Kamarnya selalu dikunci, kunci asli dan cadangan semuanya dipegang Kim Tae Woo, tidak pernah dibersihkan dan dimasuki semenjak pria itu memilih pergi dari rumahnya sendiri.
"Seharusnya kau menunggu penjelasan dariku, Kim Tae Woo." Hoo Sik keberatan, pria itu melirik pada pintu kamar Tae Woo untik kesekian kalinya. "Kau menjadi tuli dan kau yang tidak tahu kebenarannya, Kim Tae Woo." Hoo Sik menghela nafasnya berat, dia mulai berjalan menuju kamarnya dan meninggalkan perasaan tidak nyamannya kali ini.
"Kau akan sangat menyesal juga jika kau menutup telingamu rapat-rapat dari kebenaran."
Sesampainya di kamar Hoo Sik melepas semua pakaian luarnya, tas, jam tangan dan tas miliknya.
Menatanya dengan rapi dan memilih langsung berjalan menuju kamar mandi untuk membersihkan tubuhnya sendiri dan menyelesaikan aktifitas lainnya.
Setelah mandi dan membersihkan tempat tidurnya Hoo Sik memilih untuk langsung merebahkan tubuhnya dan mengambil ponselnya untuk melihat-lihat apa saja yang dia lupa.
Hoo Sik membuka galeri tempat dimana ada ribuan foto di ponselnya.
Pria itu mendapatkan foto yang sama, yang selalu membuatnya lemah dan tidak berdaya. Foto dimana foto terakhir antara dirinya dengan kedua orang tuanya.
Delapan tahun yang lalu? Entahlah, Hoo Sik lupa mengingatnya.
Dimana Hoo Sik beberapa minggu pertama berhasil kuliah dengan usaha yang dia lalui selama ini.
"Ayah, ibu." Hoo Sik menghela nafasnya berat, pria itu kali ini lebih memilih diam dan melirik ponselnya untuk kembali mengingatnya.
×××××
"Kau senang dengan semua pakaian yang ibumu belikan untukmu tadi siang?" tanya ayahnya yang saat itu tersenyum cerah dari kepulangannya bekerja satu jam setelahnya.
"Iya, ibu membelikanku sepuluh pakaian yang bisa ku pakai setiap hari untuk datang ke kampusku. Ini semua ide ayah?" tanya Hoo Sik yang saat itu masih terdneyum senang bagaimana ayahnya benar-benar memberikan apa yang dia inginkan apapun yang terjadi.
"Ya. Sepenuhnya ide ibumu juga, dia mengusulkannya, ayah hanya memberi card, dan ibumu yang menemanimu." Jung Joo Sik menghela nafasnya senang, dia sama sekali tidak bisa menahan perasaannya sama sekali.
"Aku senang."
"Terimakasih, ayah, ibu." Keduanya tersenyum dan makan di luar karena sedang mendapatkan untung yang banyak dan uang yang sangat bisa digunakan untuk makan malam bersama di luar.

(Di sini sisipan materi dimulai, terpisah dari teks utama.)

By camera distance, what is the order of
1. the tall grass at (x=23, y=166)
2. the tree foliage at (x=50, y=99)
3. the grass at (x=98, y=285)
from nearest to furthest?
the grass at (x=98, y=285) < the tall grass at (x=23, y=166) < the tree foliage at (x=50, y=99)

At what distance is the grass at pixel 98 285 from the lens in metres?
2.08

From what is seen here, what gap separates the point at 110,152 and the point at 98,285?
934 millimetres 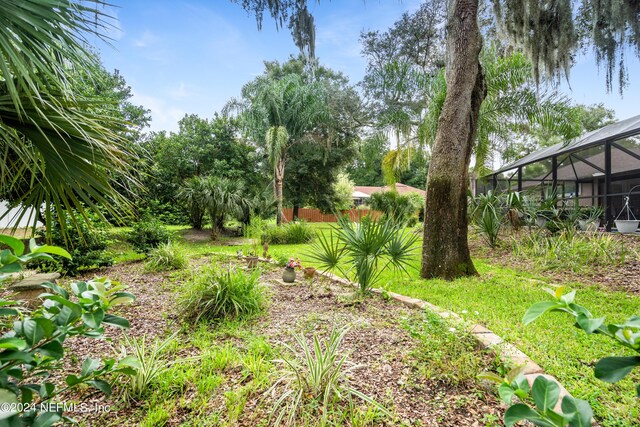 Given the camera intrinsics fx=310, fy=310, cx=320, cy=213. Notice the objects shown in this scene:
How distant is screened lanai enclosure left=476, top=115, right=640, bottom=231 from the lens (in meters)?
7.58

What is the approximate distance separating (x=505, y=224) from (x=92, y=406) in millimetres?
7874

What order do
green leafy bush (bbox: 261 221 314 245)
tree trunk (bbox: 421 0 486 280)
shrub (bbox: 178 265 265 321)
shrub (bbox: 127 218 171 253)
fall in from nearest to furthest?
shrub (bbox: 178 265 265 321), tree trunk (bbox: 421 0 486 280), shrub (bbox: 127 218 171 253), green leafy bush (bbox: 261 221 314 245)

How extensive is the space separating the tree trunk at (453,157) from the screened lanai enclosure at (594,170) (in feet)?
12.9

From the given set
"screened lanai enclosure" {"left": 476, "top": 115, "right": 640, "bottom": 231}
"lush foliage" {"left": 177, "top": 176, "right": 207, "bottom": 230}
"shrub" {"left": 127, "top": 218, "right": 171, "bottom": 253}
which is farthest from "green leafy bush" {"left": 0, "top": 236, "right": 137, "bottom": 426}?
"lush foliage" {"left": 177, "top": 176, "right": 207, "bottom": 230}

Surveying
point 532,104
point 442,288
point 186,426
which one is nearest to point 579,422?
point 186,426

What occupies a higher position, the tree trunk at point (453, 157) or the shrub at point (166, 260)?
the tree trunk at point (453, 157)

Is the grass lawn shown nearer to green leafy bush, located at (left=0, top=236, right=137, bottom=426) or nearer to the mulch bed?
the mulch bed

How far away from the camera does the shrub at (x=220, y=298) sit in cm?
295

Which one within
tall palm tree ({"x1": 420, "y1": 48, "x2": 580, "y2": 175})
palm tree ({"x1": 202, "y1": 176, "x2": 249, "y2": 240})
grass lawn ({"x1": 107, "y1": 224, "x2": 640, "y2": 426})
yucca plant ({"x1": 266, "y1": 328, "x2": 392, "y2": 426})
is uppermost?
tall palm tree ({"x1": 420, "y1": 48, "x2": 580, "y2": 175})

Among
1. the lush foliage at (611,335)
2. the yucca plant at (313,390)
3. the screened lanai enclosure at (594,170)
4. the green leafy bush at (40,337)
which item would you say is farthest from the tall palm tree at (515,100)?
the green leafy bush at (40,337)

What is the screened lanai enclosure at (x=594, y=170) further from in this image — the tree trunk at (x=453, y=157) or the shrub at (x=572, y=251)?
the tree trunk at (x=453, y=157)

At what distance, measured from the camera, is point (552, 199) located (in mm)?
6926

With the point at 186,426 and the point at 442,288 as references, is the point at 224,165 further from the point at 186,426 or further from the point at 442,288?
the point at 186,426

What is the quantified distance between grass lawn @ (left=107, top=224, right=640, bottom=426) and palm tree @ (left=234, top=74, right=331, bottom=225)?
912 cm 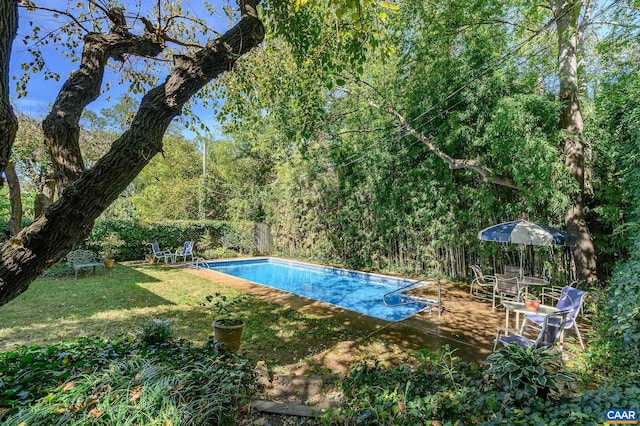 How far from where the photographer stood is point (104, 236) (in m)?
10.6

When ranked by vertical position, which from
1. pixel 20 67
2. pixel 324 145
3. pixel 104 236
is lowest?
pixel 104 236

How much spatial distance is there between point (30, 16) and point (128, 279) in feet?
22.5

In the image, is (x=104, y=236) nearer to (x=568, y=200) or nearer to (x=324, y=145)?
(x=324, y=145)

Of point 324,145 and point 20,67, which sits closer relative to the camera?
point 20,67

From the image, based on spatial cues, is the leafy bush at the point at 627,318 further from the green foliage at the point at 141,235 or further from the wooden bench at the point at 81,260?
the green foliage at the point at 141,235

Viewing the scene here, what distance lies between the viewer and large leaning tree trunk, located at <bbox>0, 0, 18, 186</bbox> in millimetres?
1604

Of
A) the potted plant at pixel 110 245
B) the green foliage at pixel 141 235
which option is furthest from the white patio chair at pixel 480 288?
the green foliage at pixel 141 235

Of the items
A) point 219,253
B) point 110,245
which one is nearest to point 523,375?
point 110,245

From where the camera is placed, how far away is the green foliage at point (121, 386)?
186cm

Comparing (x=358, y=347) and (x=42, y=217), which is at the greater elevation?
(x=42, y=217)

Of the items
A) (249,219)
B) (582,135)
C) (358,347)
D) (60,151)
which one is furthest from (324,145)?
(60,151)

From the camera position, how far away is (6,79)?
5.49 feet

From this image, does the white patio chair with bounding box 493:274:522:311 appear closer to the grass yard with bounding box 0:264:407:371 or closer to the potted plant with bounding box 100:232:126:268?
the grass yard with bounding box 0:264:407:371

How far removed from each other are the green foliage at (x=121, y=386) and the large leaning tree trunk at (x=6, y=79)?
4.99ft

"Aku merasa sangat senang jika ayah bisa meluangkan waktu ayah untukku. Ibu juga," ucap Hoo Sik saat keduanya sudah sampai di tempat makan ketiganya delalu meluangkan setiap dua bulan satu kali untuk makan bersama.
"Maafkan ayah dan ibu, Hoo Sik sayang. Ayah dan ibu belum bisa memberikan yang terbaik untukmu," ucap ayahnya yang saat itu membuat Hoo Sik menghea nafasnya berat. "Aku juga belum bisa memberikan yang terbaik untuk ayah dan ibu." Hoo Sik mengatakan hal yang sama untuk kedua riang tuanya juga.
"Percayalah pada kami, nak. Kami benar-benar menyayangimu apapun yang akan terjadi dimana yang akan datang."
×××××
Hoo Sik menghela nafasnya berat menyadari jika air matanya benar-benar tumpah lagi.
"Apa yang kalian sembunyikan dariku sebenarnya. Ayah, ibu."